EXERCISE REQUIREMENTS: An exact reproduction of the records is required. Images must be left out.

DATA EXTRACTS:
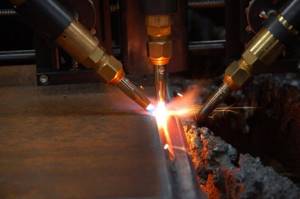 Gas cutting process for steel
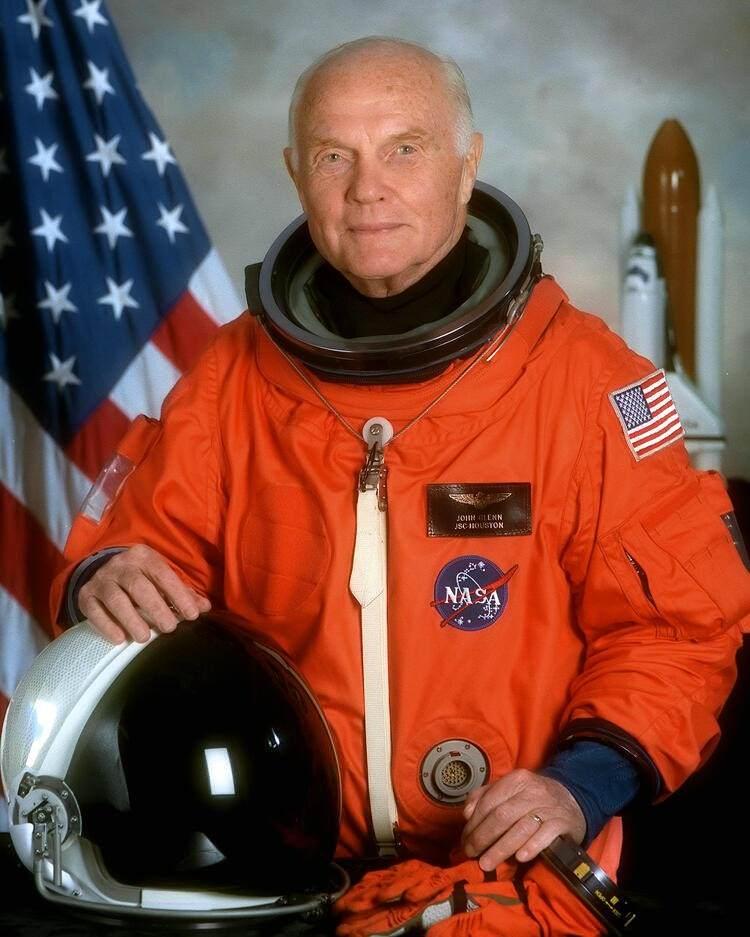 <p>İnsanlı uzay uçuşu<br />
<br />
20 Şubat 1962 tarihinde, John Glenn dünyanın yörüngesine fırlatılan ilk ABD'li oldu.</p>
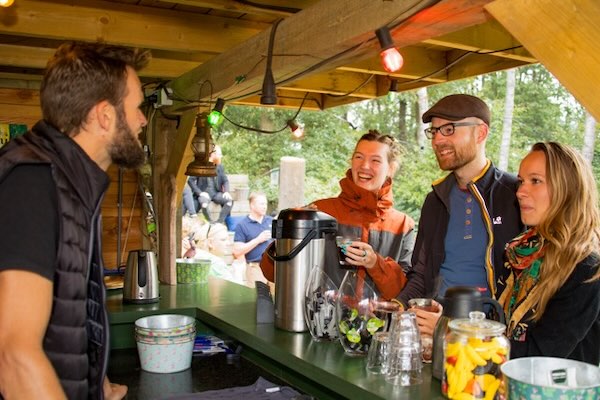 Taribush Uitjes: Drinken halen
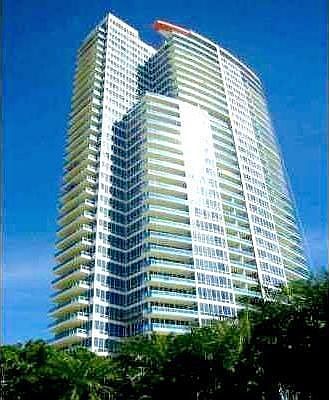 1st image of 100 S Pointe Dr APT 1108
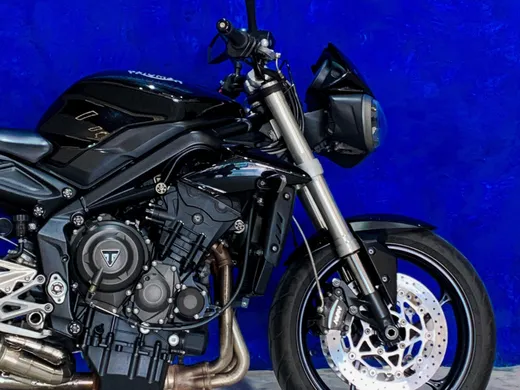 TRIUMPH STREET TRIPLE 765 S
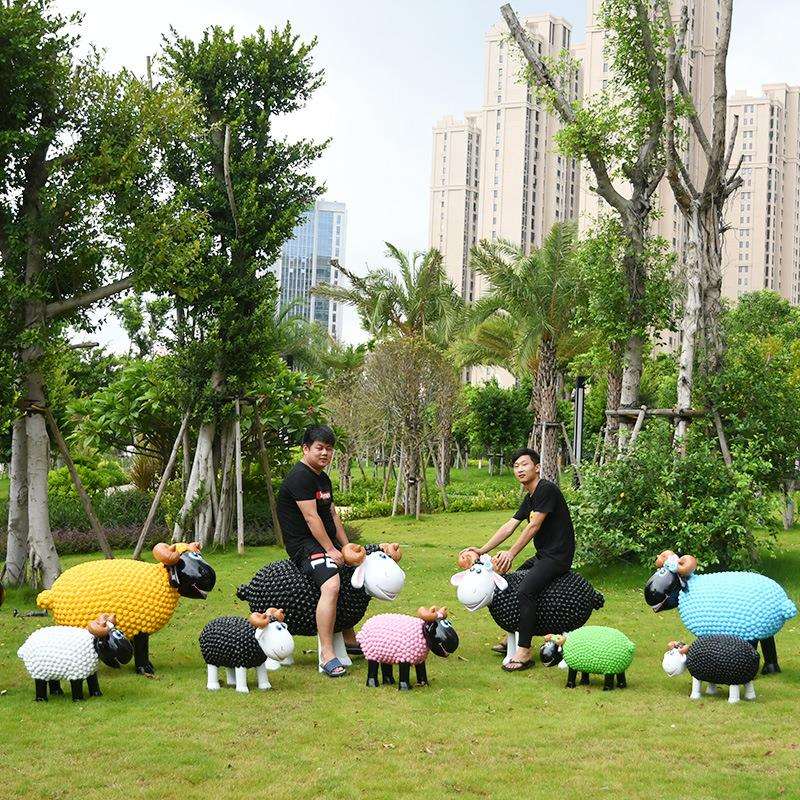 卡通羊雕塑玻璃钢卷毛羊绵羊售楼部户外草坪园林景观小品装饰摆件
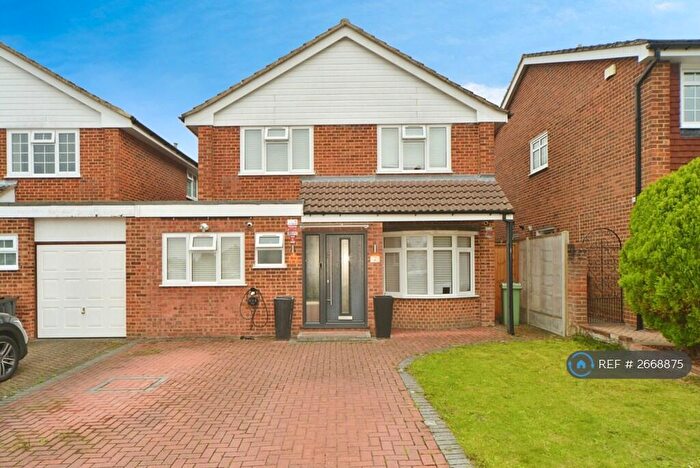 4 Bedroom Detached House To Rent In Lysander Way, Orpington, BR6
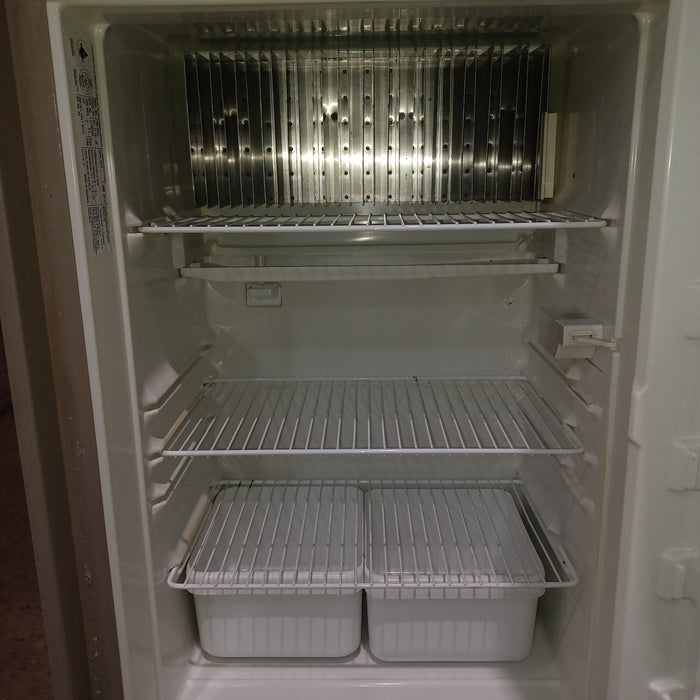 Used Complete Dometic Fridge, 2-Way - RM2652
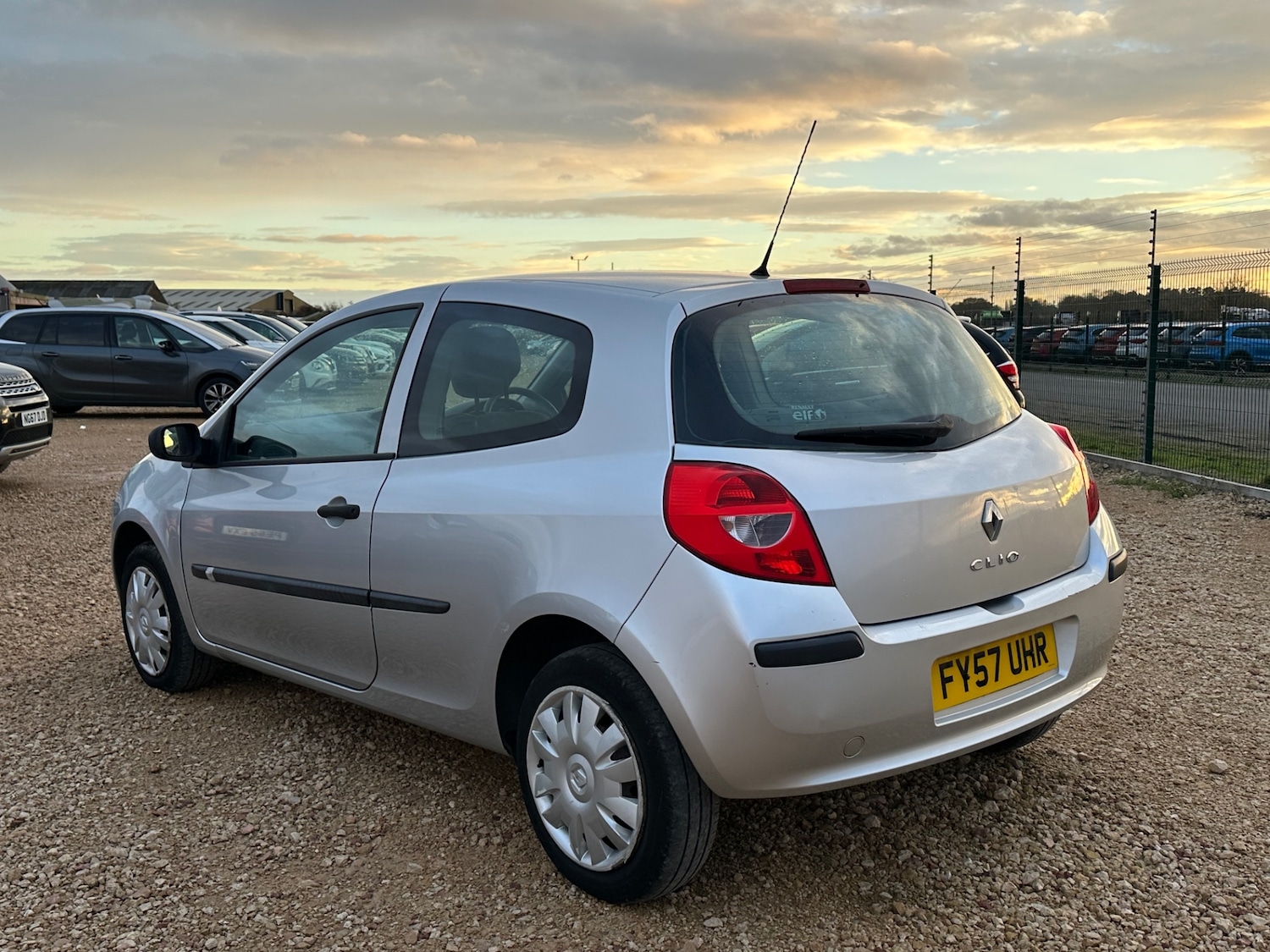 Used Renault Clio 2007 for sale - 76625515: Photo 4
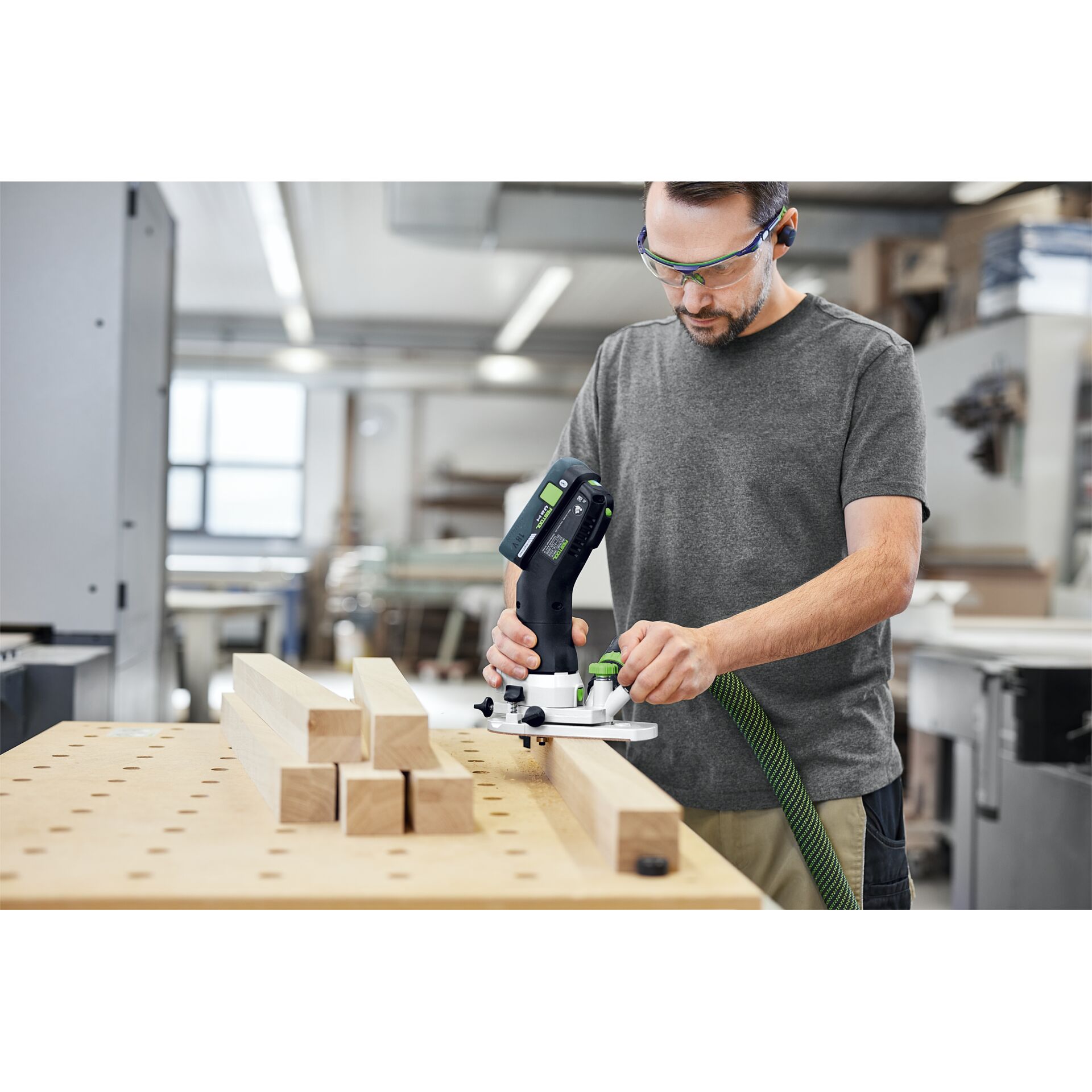 Person, Holzbearbeitung, Gerät, Elektrische Bohrmaschine, Werkzeug, Person, Holzbearbeitung, Gerät, Elektrische Bohrmaschine, Werkzeug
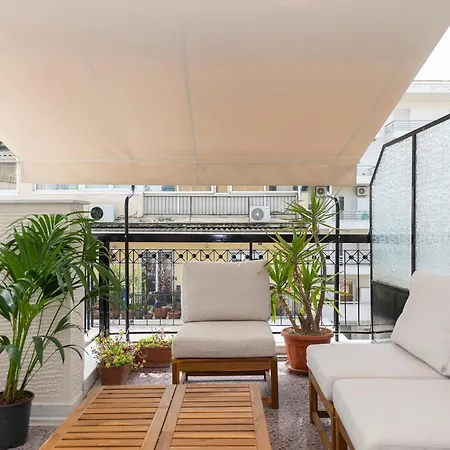 Classy Retro Proxenou Kormila Apartmán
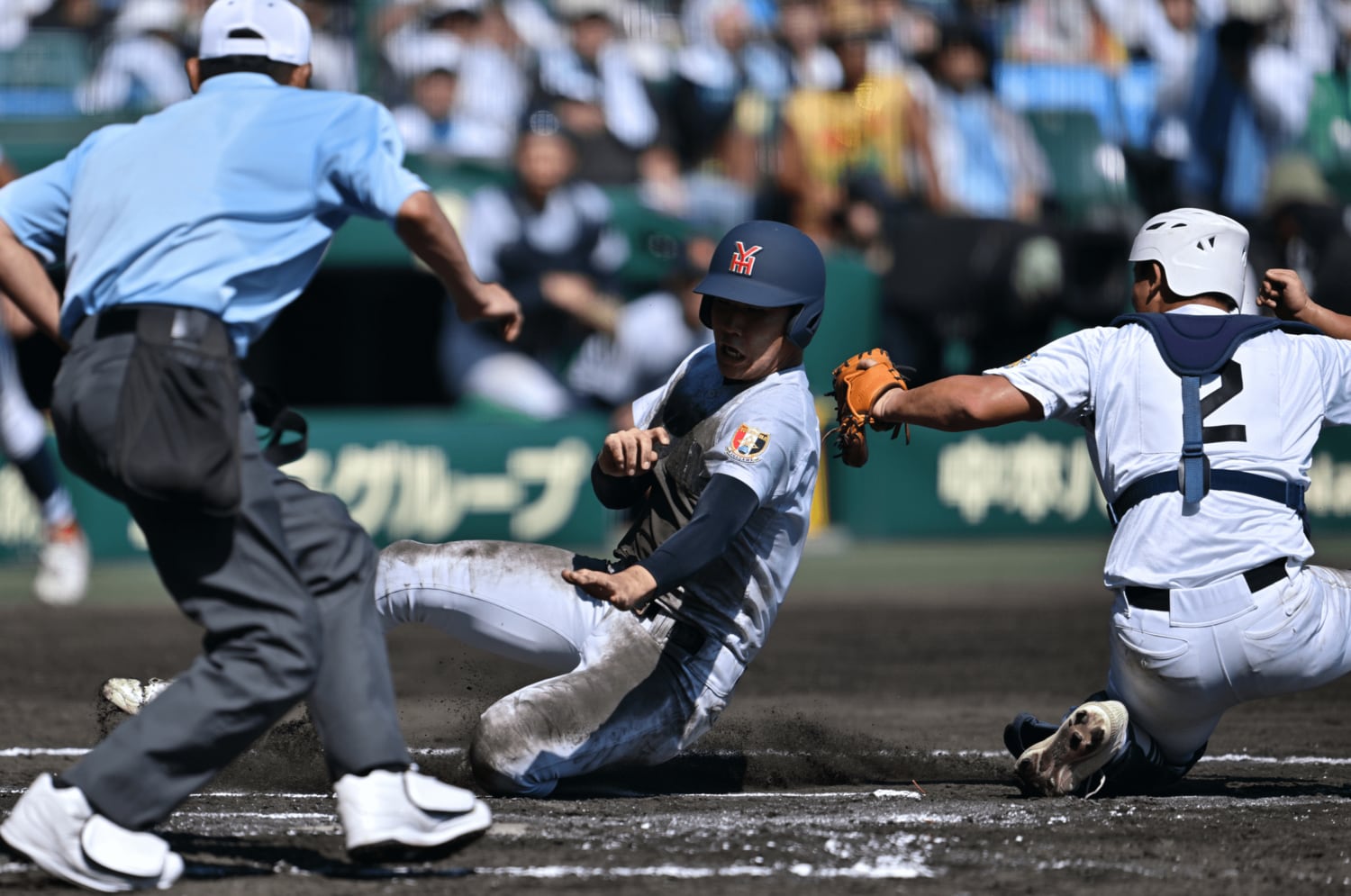 甲子園で“2つの誤審疑惑”「白線の上にボールが落ちた…」横浜vs県岐阜商、波乱のウラ側…密着記者が聞いた、県岐阜商の証言「監督に怒られるので…」＜Number Web＞ photograph by Hideki Sugiyama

SOLUTION TO THE PROBLEM:
 Gas cutting process for steel
 <p>İnsanlı uzay uçuşu<br />
<br />
20 Şubat 1962 tarihinde, John Glenn dünyanın yörüngesine fırlatılan ilk ABD'li oldu.</p>
 Taribush Uitjes: Drinken halen
 1st image of 100 S Pointe Dr APT 1108
 TRIUMPH STREET TRIPLE 765 S
 卡通羊雕塑玻璃钢卷毛羊绵羊售楼部户外草坪园林景观小品装饰摆件
 4 Bedroom Detached House To Rent In Lysander Way, Orpington, BR6
 Used Complete Dometic Fridge, 2-Way - RM2652
 Used Renault Clio 2007 for sale - 76625515: Photo 4
 Person, Holzbearbeitung, Gerät, Elektrische Bohrmaschine, Werkzeug, Person, Holzbearbeitung, Gerät, Elektrische Bohrmaschine, Werkzeug
 Classy Retro Proxenou Kormila Apartmán
 甲子園で“2つの誤審疑惑”「白線の上にボールが落ちた…」横浜vs県岐阜商、波乱のウラ側…密着記者が聞いた、県岐阜商の証言「監督に怒られるので…」＜Number Web＞ photograph by Hideki Sugiyama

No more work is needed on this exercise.